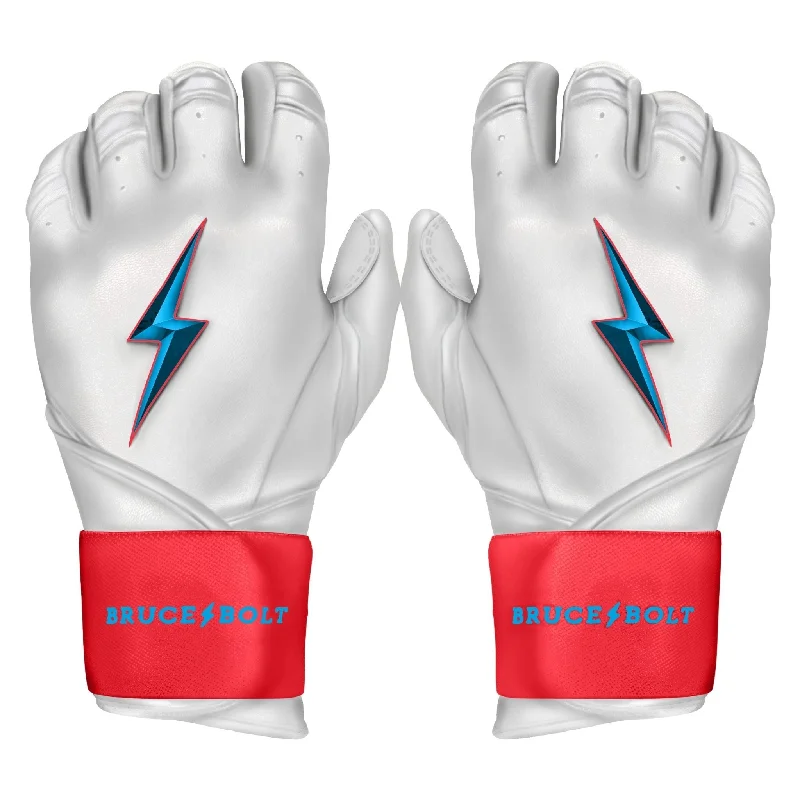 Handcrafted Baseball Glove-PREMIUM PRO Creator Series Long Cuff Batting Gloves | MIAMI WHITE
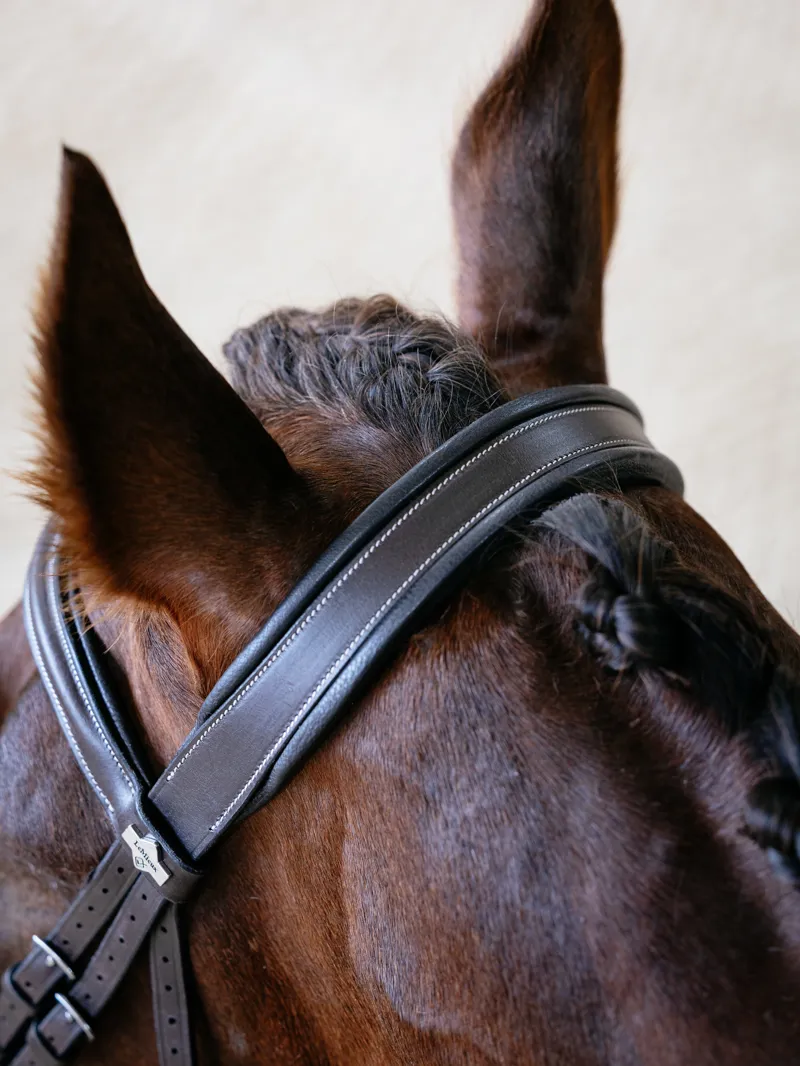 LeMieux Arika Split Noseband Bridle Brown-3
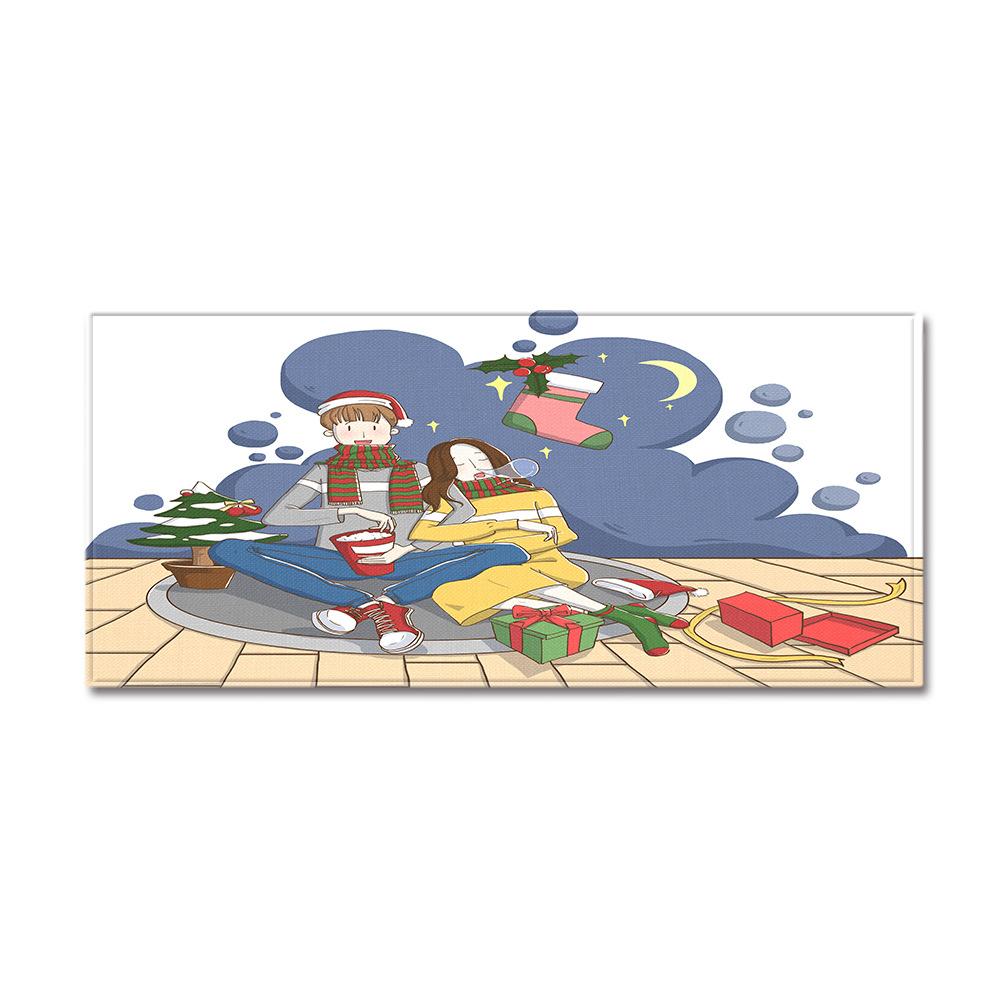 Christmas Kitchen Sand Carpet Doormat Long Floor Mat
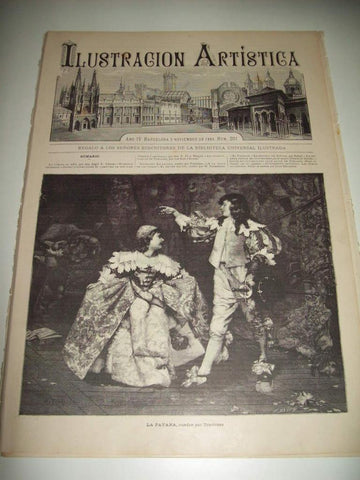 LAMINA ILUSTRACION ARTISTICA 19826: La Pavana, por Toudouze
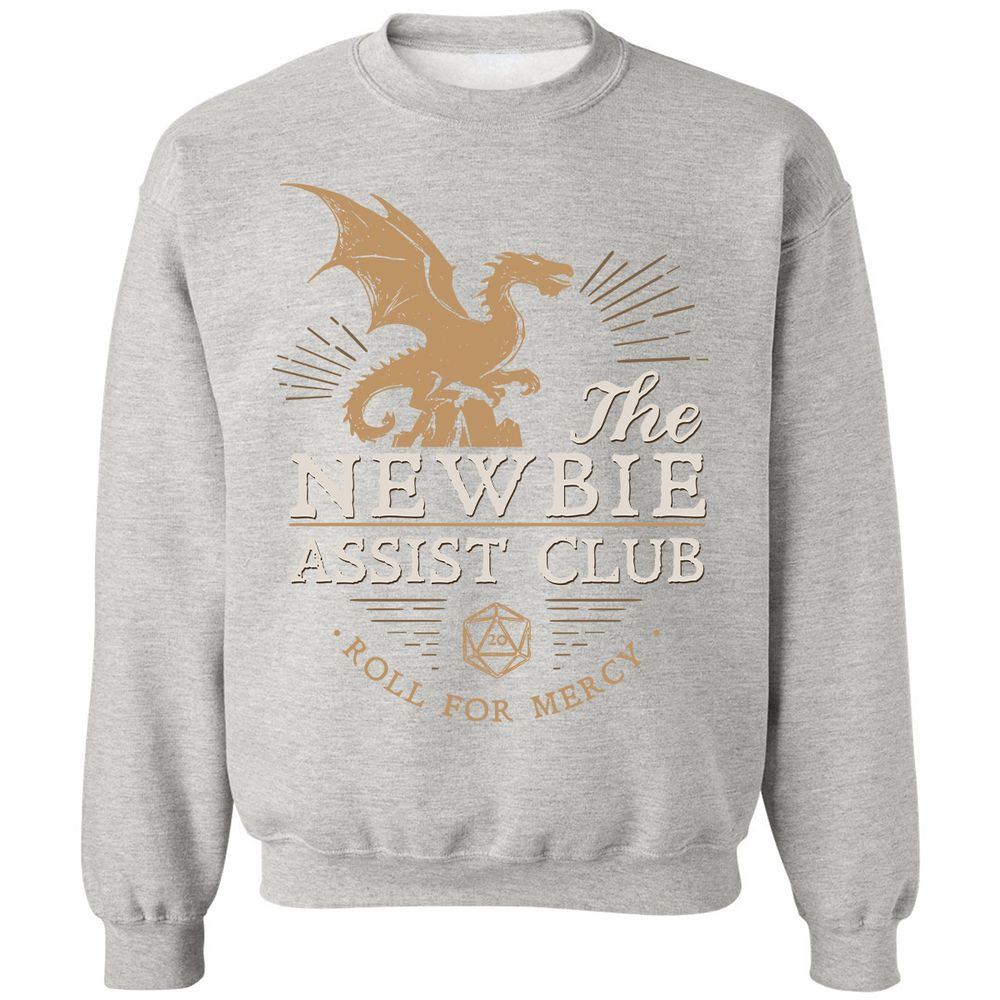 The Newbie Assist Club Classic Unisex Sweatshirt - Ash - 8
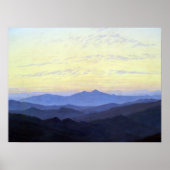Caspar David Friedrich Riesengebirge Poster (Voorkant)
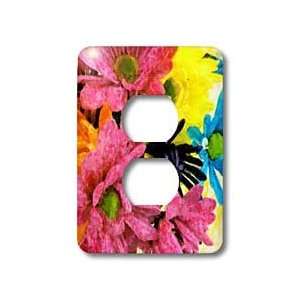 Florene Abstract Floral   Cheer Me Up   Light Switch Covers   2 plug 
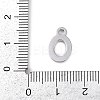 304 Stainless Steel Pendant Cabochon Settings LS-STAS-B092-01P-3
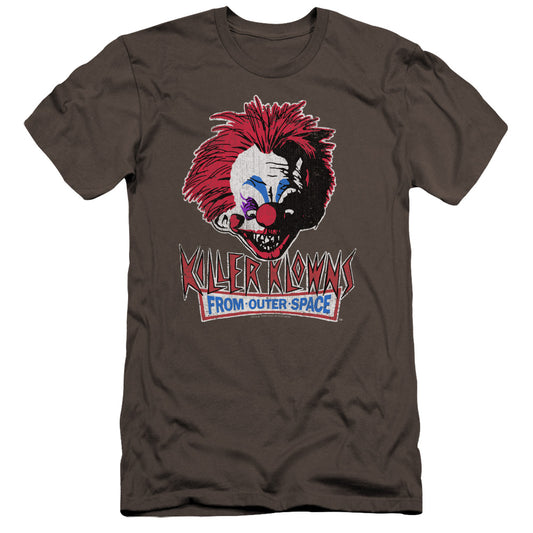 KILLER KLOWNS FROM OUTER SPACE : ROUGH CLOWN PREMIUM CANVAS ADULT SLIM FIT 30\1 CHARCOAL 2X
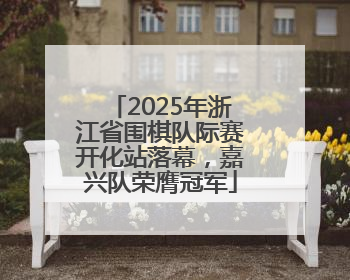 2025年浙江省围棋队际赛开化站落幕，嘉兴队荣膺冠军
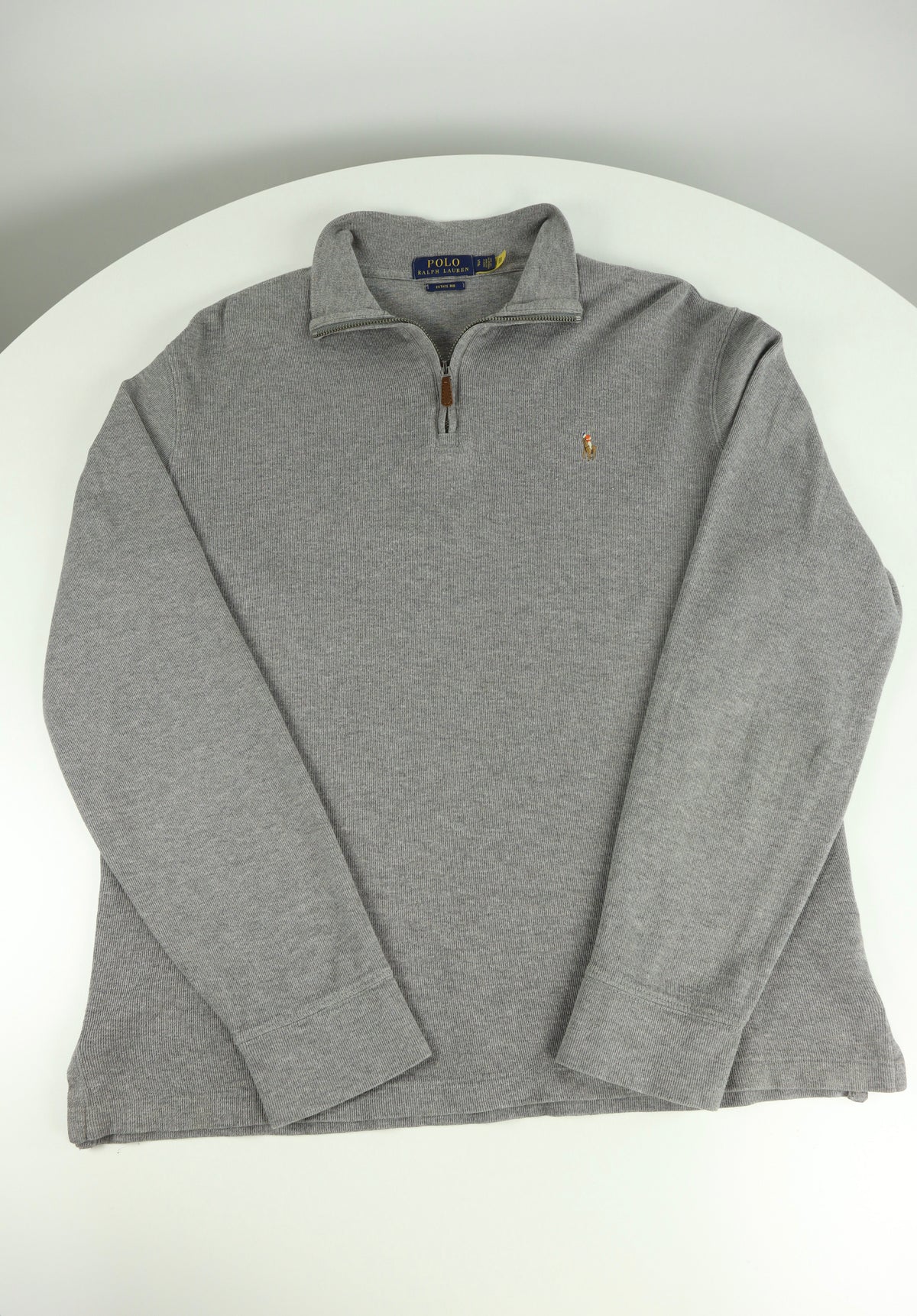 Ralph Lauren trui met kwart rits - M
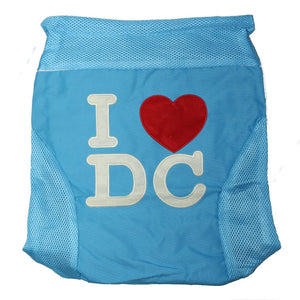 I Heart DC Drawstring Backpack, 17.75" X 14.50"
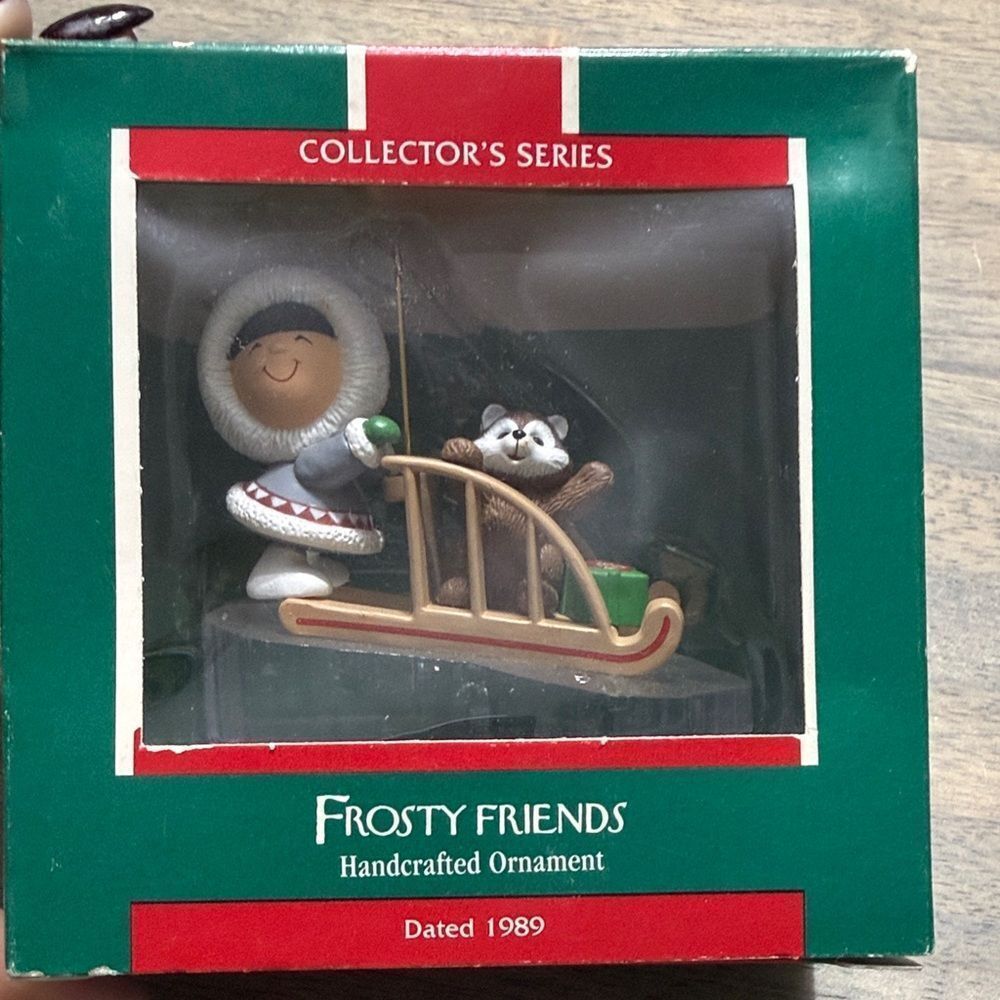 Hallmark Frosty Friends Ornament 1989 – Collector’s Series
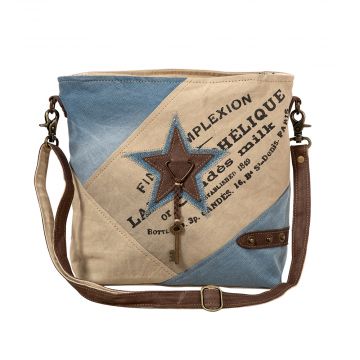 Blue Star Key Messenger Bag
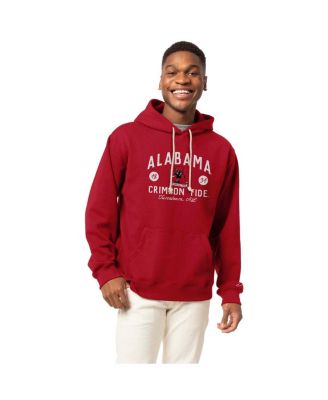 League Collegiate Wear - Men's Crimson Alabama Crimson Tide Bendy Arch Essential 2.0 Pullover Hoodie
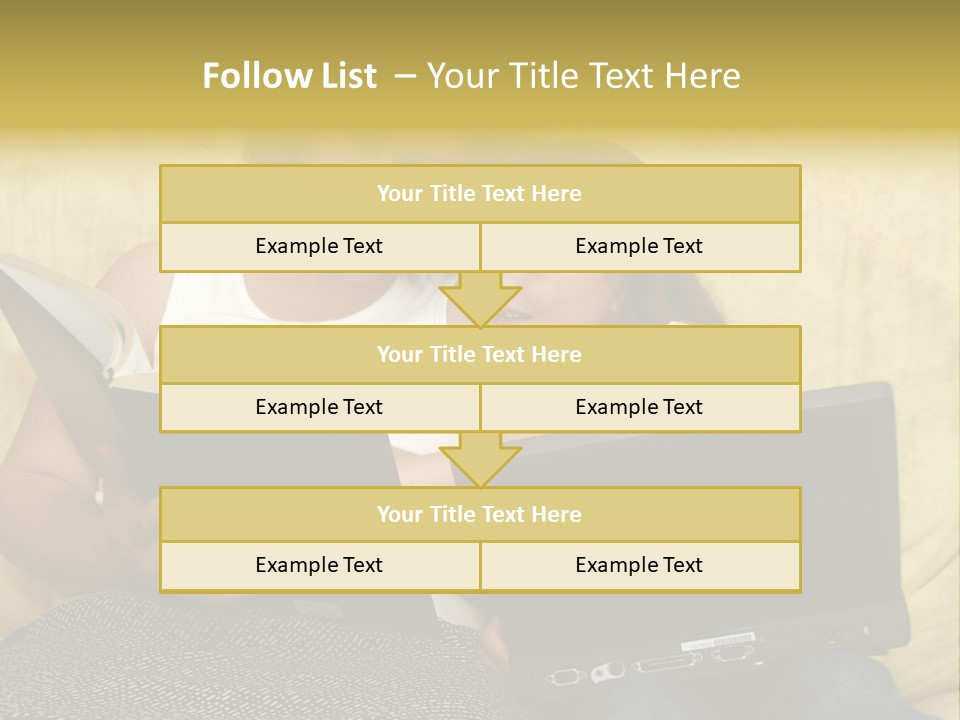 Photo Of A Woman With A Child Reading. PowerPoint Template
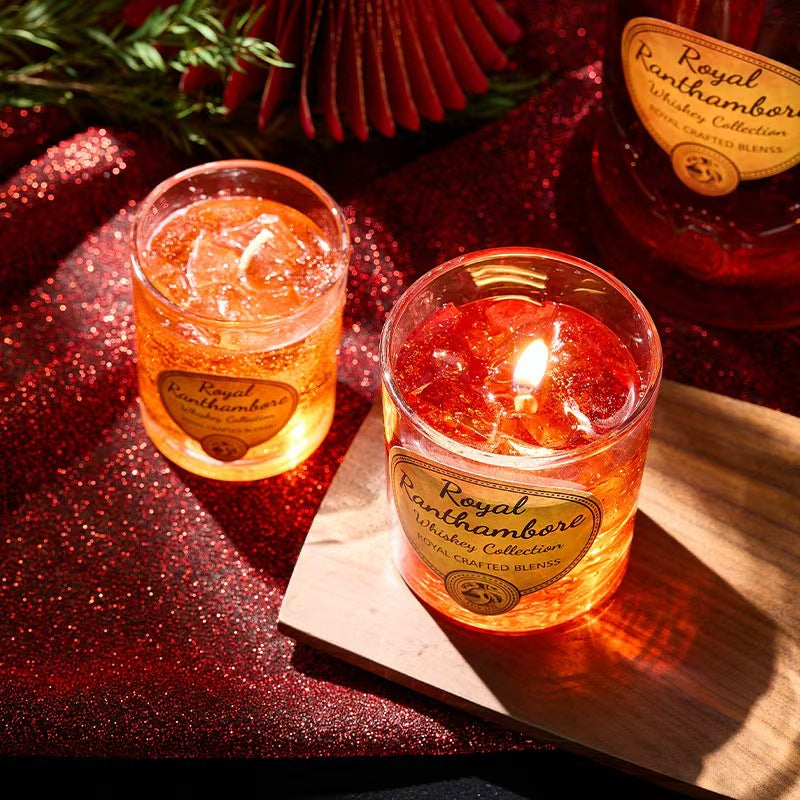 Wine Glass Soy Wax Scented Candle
· · · ·
▶ **What you have to do**:
Transcribe exactly the portion of the material above that runs from the line containing "League Collegiate Wear" through its last line, omitting all pictures.

▶ **Response to this task**:
 League Collegiate Wear - Men's Crimson Alabama Crimson Tide Bendy Arch Essential 2.0 Pullover Hoodie
 Photo Of A Woman With A Child Reading. PowerPoint Template
 Wine Glass Soy Wax Scented Candle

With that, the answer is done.